[16] Only in the most exaggerated German baroque were the vertical lines of the door-panels sometimes irregular.
[17] The inlaid doors of Houghton Hall, the seat of Sir Robert Walpole, were noted for their beauty and costliness. The price of each was £200.
[18] See a room in the Ministère de la Marine at Paris, where a subordinate door is cleverly treated in connection with one of more importance.
[19] As an example of the extent to which openings have come to be ignored as factors in the decorative composition of a room, it is curious to note that in Eastlake's well-known Hints on Household Taste no mention is made of doors, windows or fireplaces. Compare this point of view with that of the earlier decorators, from Vignola to Roubo and Ware.
[20] In Italy, where the walls were frescoed, the architectural composition over the mantel was also frequently painted. Examples of this are to be seen at the Villa Vertemati, near Chiavenna, and at the Villa Giacomelli, at Maser, near Treviso. This practice accounts for the fact that in many old architectural drawings of Italian interiors a blank wall-space is seen over the mantel.
[21] It is to be hoped that the recently published English translation of M. Émile Bourgeois's book on Louis XIV will do much to remove this prejudice.

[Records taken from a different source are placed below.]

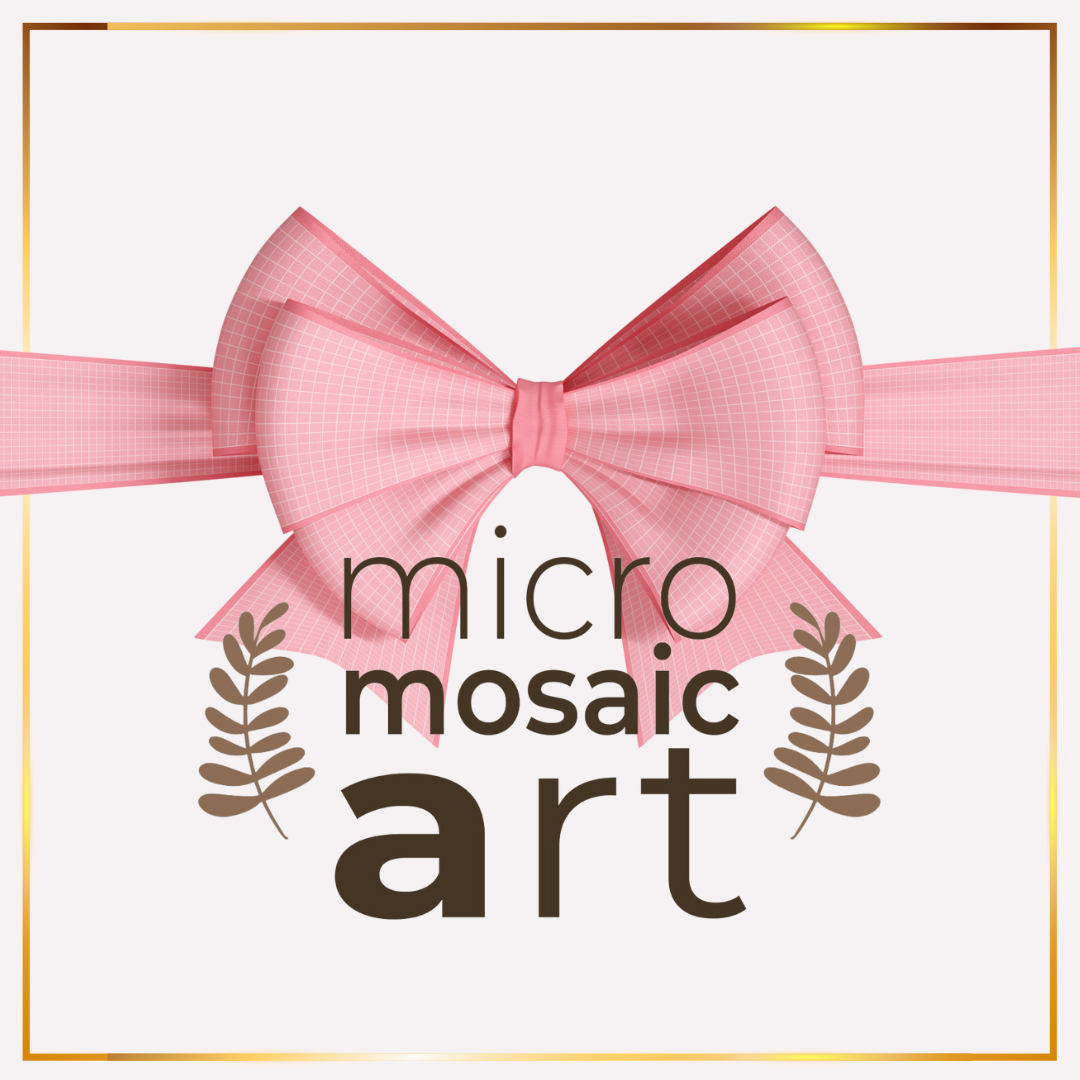 Rosa Schleife, goldfarbener Rand und Micromosaicart-Logo.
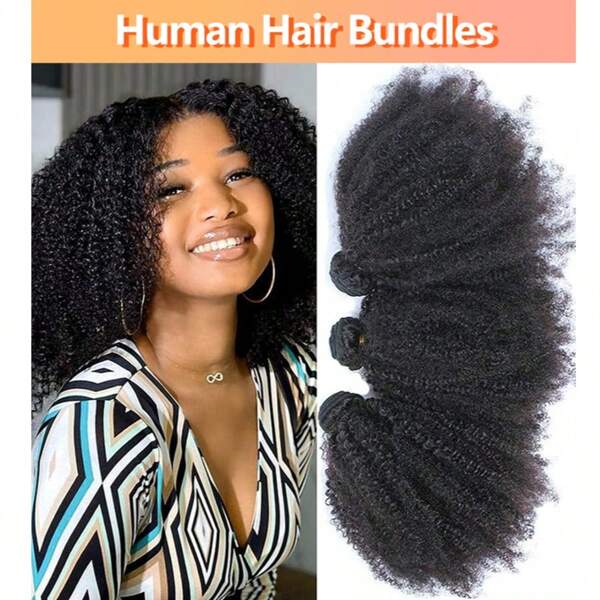Paquetes de cabello humano rizado afro crespo de Mongolia de 14 14 14 pulgadas, grados 4B 4C, tejido de cabello rizado virgen, granel de rizado afro crespo, cabello humano natural negro...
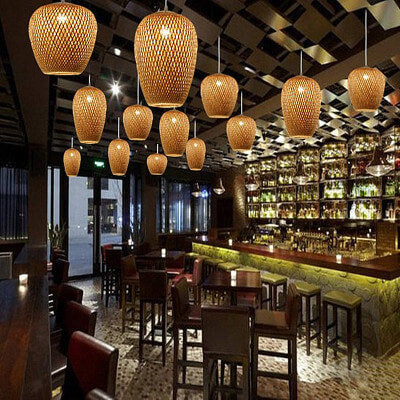 Traditional Vintage Bamboo Metal Weaving Round 1-Light Pendant Light for Living Room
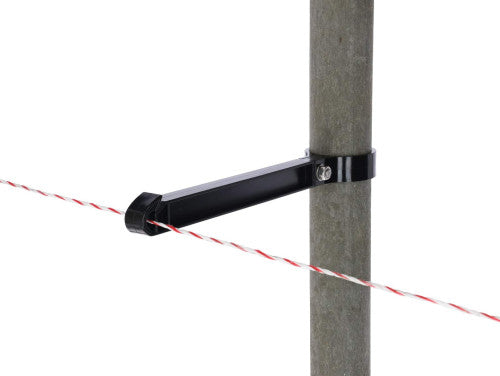 Izolator dystansowy do plecionek linek i taśm do okrągłych słupków Ø60 mm czarny 10 szt AKO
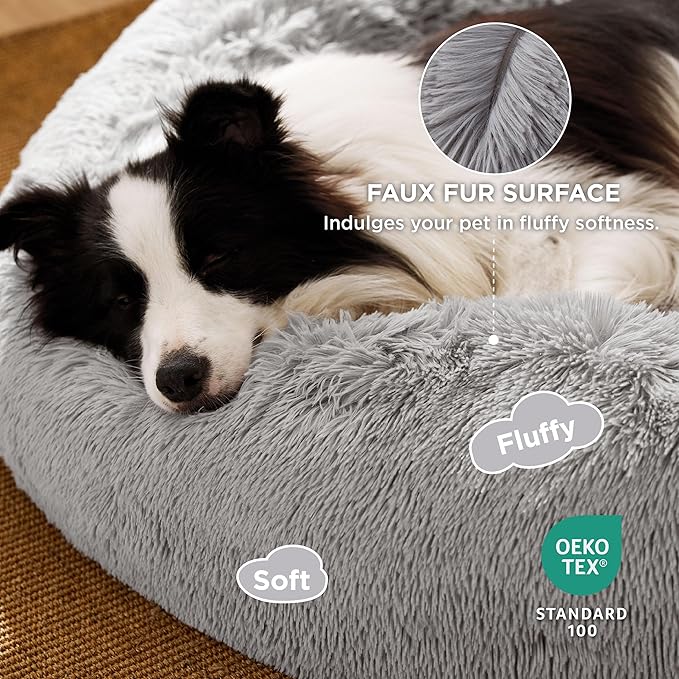 Bedsure Calming Dog Bed for Large Dogs - Donut Washable Large Pet Bed, 36 inches Anti-Slip Round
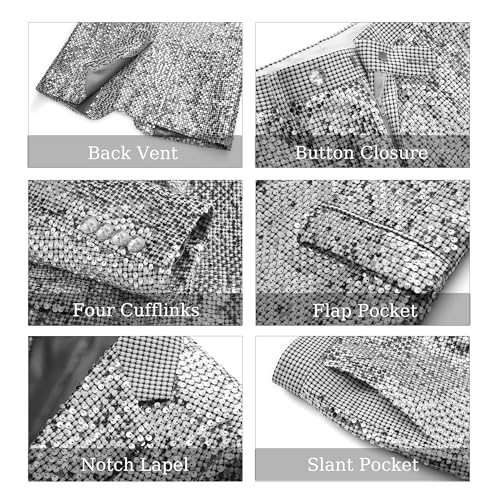 MOGU Men's Sequins Suit 2 Piece Shiny Dress Suit Sparkly Gold Silver Stylish Tuxedo Set for Party Wedding Dinner 5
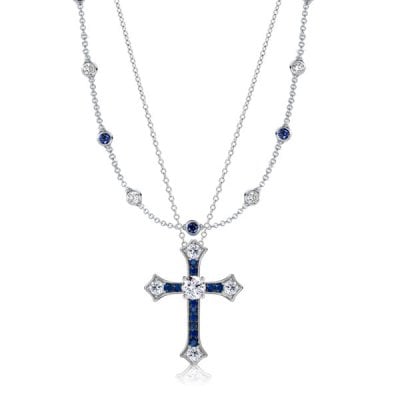 Italo Bezel Set White & Blue Sapphire Cross Layering necklaces For Women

[22] It is curious that those who criticize the ornateness of the Louis XIV style are often the warmest admirers of the French Renaissance, the style of all others most remarkable for its excessive use of ornament, exquisite in itself, but quite unrelated to structure and independent of general design.
[23] It is said to have been put at this height in order that the porcelain vases should be out of reach. See Daviler, "Cours d'Architecture."
[24] Examples are to be seen in several rooms of the hunting-lodge of the kings of Savoy, at Stupinigi, near Turin.
[25] In France, until the sixteenth century, the same word—plancher—was used to designate both floor and ceiling.